2. The Grand Budapest Hotel
Here’s the simple question: Do you like Wes Anderson‘s films? If “YES,” then you will LOVE The Grand Budapest Hotel! If you’ve never been a fan, then don’t bother. Anderson is a truly original writer/director. He has a style unlike anyone else: quirky and eccentric characters, frenetic energy, and hilarious dialogue. He has also amassed an A-list crew of actors to join him in his follies, Bill Murray, Owen Wilson, Willem DaFoe, Jeff Goldblum, and Edward Norton to name a few. In GBH, we watch through flashbacks, the stories of the famed European hotel and its eccentric, concierge Gustave H (an Oscar worthy Ralph Fiennes). He befriends young lobby boy Zero (Tony Revolori), who accompanies him to a funeral of one of the hotel’s wealthiest clients. From there hijinks ensue, including high-priced art-theft, a prison escape, crazed hitmen, and huge chase scenes. In the middle of this are wonderful characters, filled with joy, and love. This is Anderson’s best film, and that includes personal favorites Rushmore, Moonrise Kingdom, and Life Aquatic. This was the most fun film nominated for Best Picture and one of my favorites.
1. Whiplash
The gap between Whiplash and the other Best Picture nominees for me is Grand Canyon huge. Far and away the most powerful movie I’ve seen in years, it’s a battle of wills between an aspiring-to-be-great teenage drummer named Andrew (Miles Teller) and his music school jazz band conductor Fletcher, (J.K. Simmons).This is a total tour-de-force of acting as they push each other to limits the other didn’t know existed. The film manages to ask an old question in a new way: Do the ends justify the means? Is it okay to be brutal and despicable if that produces greatness? Simmons is a shoo-in for Best Supporting Actor. We know he’s wrong; but by the end you almost start to see his logic. Miles Teller deserves his own trophy but in maybe the biggest Oscar snub outside of The Lego Movie, he wasn’t nominated despite his riveting, tortured performance and the fact he PERFORMED HIS OWN DRUMMING!!! His dilemma is more interesting: if the abuse brings out the best in you, is it worth it? It’s a haunting question and a more haunting and amazing film.

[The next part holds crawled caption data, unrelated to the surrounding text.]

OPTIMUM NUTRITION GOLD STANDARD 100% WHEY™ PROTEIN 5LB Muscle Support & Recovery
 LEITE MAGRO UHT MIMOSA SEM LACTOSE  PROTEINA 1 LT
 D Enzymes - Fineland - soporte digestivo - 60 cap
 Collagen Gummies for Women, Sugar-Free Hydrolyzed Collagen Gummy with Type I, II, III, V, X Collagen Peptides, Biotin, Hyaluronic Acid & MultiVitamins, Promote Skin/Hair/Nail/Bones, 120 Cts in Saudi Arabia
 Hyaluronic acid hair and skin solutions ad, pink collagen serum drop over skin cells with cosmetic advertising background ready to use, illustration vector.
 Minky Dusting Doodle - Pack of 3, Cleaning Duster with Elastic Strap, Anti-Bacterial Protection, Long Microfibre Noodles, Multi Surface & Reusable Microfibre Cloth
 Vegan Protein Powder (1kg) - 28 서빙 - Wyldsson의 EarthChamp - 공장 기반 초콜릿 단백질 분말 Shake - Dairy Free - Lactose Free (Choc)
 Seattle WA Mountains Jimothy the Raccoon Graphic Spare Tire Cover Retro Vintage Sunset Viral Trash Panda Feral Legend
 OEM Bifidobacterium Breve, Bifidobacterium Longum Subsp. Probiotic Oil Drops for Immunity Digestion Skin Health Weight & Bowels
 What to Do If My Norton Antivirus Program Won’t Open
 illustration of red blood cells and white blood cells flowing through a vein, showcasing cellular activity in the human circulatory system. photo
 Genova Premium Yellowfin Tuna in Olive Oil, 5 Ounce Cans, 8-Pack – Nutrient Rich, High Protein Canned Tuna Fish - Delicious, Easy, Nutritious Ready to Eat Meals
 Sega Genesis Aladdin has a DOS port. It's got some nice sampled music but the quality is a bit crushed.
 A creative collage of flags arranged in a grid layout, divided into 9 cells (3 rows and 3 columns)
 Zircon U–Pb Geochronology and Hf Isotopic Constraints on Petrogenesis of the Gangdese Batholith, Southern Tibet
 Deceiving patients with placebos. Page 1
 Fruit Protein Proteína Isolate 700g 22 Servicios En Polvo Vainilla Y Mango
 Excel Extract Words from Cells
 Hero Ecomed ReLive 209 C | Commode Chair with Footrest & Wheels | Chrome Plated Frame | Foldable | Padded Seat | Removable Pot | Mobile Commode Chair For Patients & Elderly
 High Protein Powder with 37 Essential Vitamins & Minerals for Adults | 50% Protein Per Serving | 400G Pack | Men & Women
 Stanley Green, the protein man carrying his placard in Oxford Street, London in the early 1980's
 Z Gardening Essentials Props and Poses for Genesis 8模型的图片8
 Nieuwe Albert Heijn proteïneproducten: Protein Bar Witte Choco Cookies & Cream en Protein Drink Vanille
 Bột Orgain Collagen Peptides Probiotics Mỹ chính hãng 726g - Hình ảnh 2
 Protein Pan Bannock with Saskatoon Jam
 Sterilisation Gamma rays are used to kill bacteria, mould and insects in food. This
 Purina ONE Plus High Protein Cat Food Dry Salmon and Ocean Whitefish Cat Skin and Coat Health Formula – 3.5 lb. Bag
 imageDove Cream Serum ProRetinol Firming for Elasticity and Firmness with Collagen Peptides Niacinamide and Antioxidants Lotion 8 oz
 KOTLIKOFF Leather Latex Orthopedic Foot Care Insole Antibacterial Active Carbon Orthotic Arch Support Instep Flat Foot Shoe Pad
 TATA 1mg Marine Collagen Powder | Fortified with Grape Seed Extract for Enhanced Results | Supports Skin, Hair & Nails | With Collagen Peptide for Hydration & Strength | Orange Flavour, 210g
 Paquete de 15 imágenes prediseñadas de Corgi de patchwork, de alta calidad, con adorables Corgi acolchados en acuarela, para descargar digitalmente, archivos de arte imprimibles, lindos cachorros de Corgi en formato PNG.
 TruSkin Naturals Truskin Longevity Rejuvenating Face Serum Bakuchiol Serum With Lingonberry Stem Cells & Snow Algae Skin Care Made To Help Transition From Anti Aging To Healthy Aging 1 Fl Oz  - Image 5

That said”¦ Whiplash has NO chance of winning Best Picture. Of the 8 nominees, 4 have directors who are nominated. Those 4 are The Imitation Game, The Grand Budapest Hotel, Birdman, and Boyhood. Critical gushing, a long admired writer/director, and a gimmick that has seemingly never been done in the mainstream and we have a clear winner: Boyhood will win Best Picture. And like many Best Pictures before it, it won’t have been the best actual film. But hey, Richard Linklater introduced us to Matthew McConaughey years ago and did give us the Beatles Black Album, so I’ll give him a pass.
Best Picture Nominees
– American Sniper
– Birdman
– Boyhood
– The Grand Budapest Hotel
– The Imitation Game
– Selma
– Theory of Everything
– Whiplash
The 87th Annual Academy Awards airs live Sunday, February 22nd, 2015, at 8:30pm ET on ABC, with the live Red Carpet arrivals starting at 7pm ET/4pm PT (per Oscar.com).